The world’s expectations did not make the Dream Team’s gold medal win, a 103-70 victory over Croatia, any less exciting. Carlesimo remembers how honored the players were to compete for their home country in the Olympics—many of them never foreseeing the opportunity to play on the most important court in the world. Carlesimo remembers the team standing proud on the dais as the anthem played. Bernstein remembers the victorious moments following the ceremony, when every player kept on their uniforms or medals for hours of celebration. The moment was unforgettable.
The dazzling Dream Team further globalized basketball while keeping it centered around U.S. professional play. The star players inspired young people to watch, play and love basketball as much as Americans. Today, the international level of play increases every year, and the best players continue to strive for (and eventually face off in) the NBA.
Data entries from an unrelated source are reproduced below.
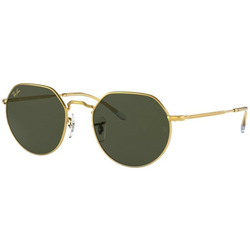 Ray-Ban Jack Naočare za sunce RB 3565 9196/31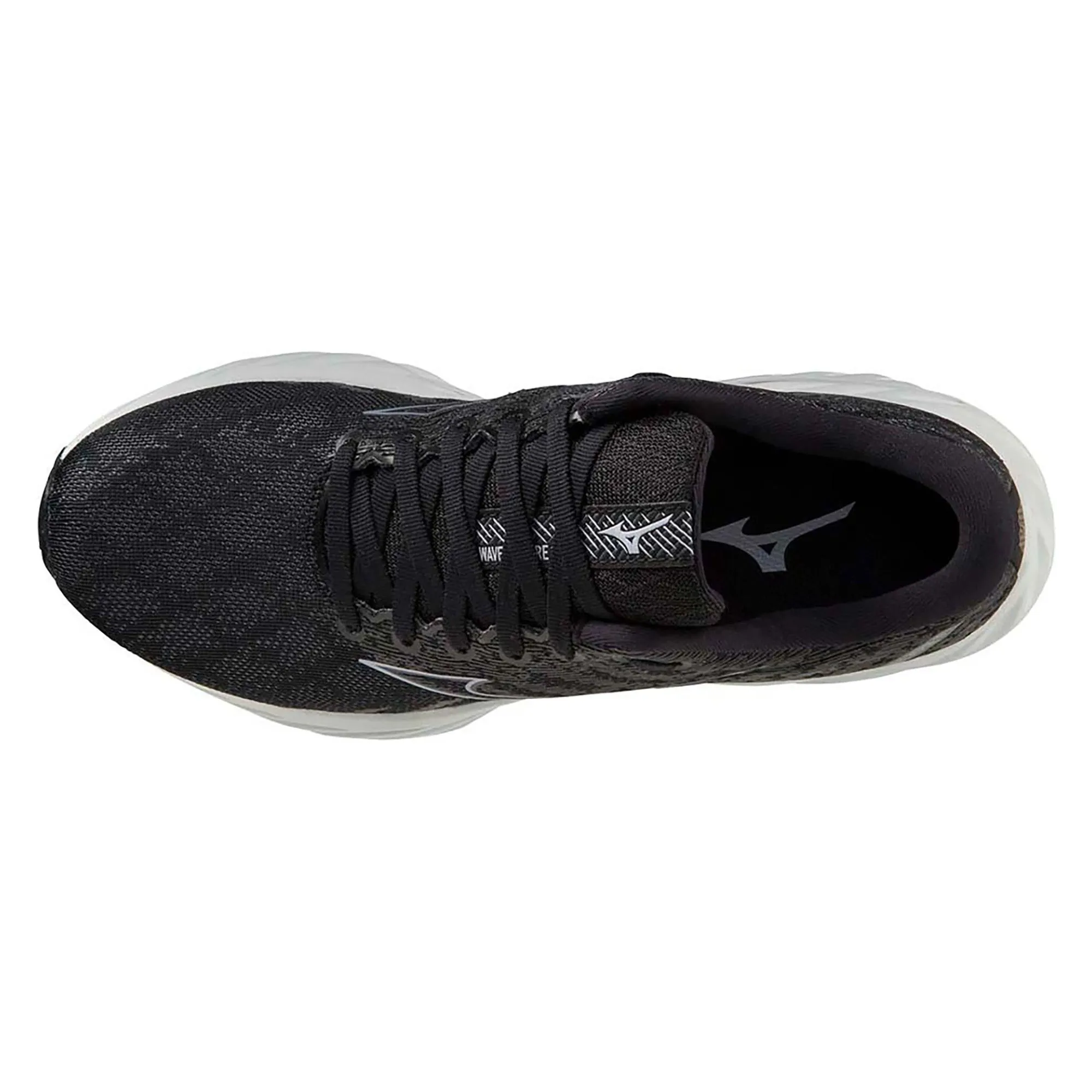 Chaussures de course Wave Inspire 19 pour Femmes (Largeur B)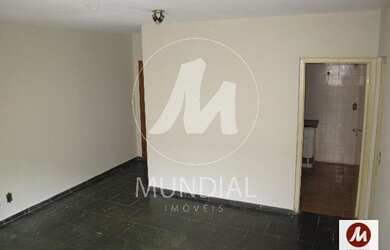 Imagem 2: Apartamento tipo - padrao 3 dormitórios, cozinha planejada, em condomínio...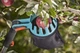 Плодосъемник Gardena Combisystem FruitPicker (03115-20.000.00) - изображение 3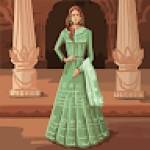 Noor CH Profile Picture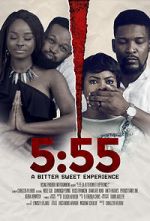 Watch Five Fifty Five (5:55) Nowvideo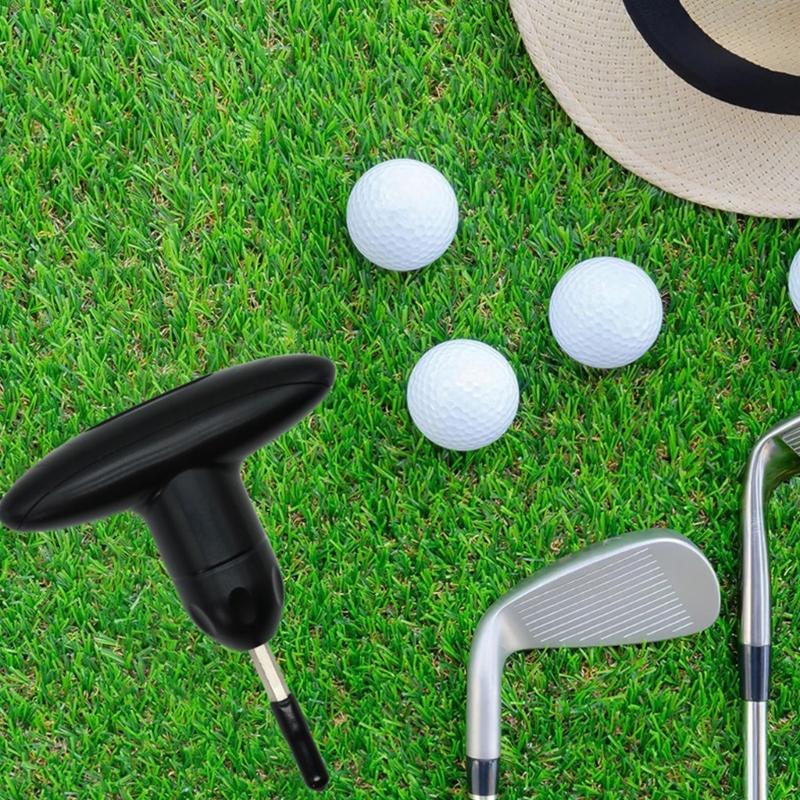 Golfs Driver Wrench Replace Adjustment Golfs Wrench Golfs Shaft Adapter Tool Golfs Screwdriver Golfs Adjustable Tool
1992 marked the entry of the NBA into foreign hearts, minds and markets. The world not only now loved basketball, but they also loved the NBA. The NBA’s popularity expanded globally following the 1992 games and the continued inclusion of NBA athletes in the Olympics. In 1994, the first Chinese state broadcasters aired the NBA All-Star game in China for the first time. In 2016, over 400 NBA games were broadcasted in China for free. In 1993, the NBA held its first overseas preseason in London, England. Today, the NBA has a massive headquarters in London which broadcasts throughout Africa, the Middle East and Europe. In 2021, the NBA launched NBA Academy Africa, a league for NBA prospects. The international growth of the NBA shows the increasing presence of international talent in the league. Chinese number one 2002 draft pick Yao Ming, Nigerian standout center Hakeem “The Dream” Olajuwon, German Mavericks star Dirk Nowitzki and today’s “Greek Freak,” Greek-Nigerian phenom Giannis Antetokoumpo revolutionize the league and give their hometown fans favorite teams. In the 2021-2022 season, 109 of the NBA’s 608 players came from (39) foreign countries. Every time the United States is defeated in international play (like the 2004 Olympic Games, in which they received silver and Argentina took the gold) only proves the increasingly global nature of the sport.
Much has changed in the game of basketball and sports since the 1992 Madrid Olympics. In early training in La Jolla, Bernstein captured the first official shot of the Dream Team in the basement of an arena with a found American flag. This team photo, commemorating one of the greatest teams in sports history, quickly became one of the sport’s most iconic photographs. There were no smartphones to report a celebrity sighting and photographs with players were prized possessions. Now, the game of basketball and the NBA is a global social media and streaming obsession with a constant social media presence. The NBA has the most followers on Twitter, TikTok and Instagram of any sports league in the world.
The NBA is an ever-expanding global brand, but none of this would be possible without the 1992 Dream Team and the generation of international basketball players and fans it inspired.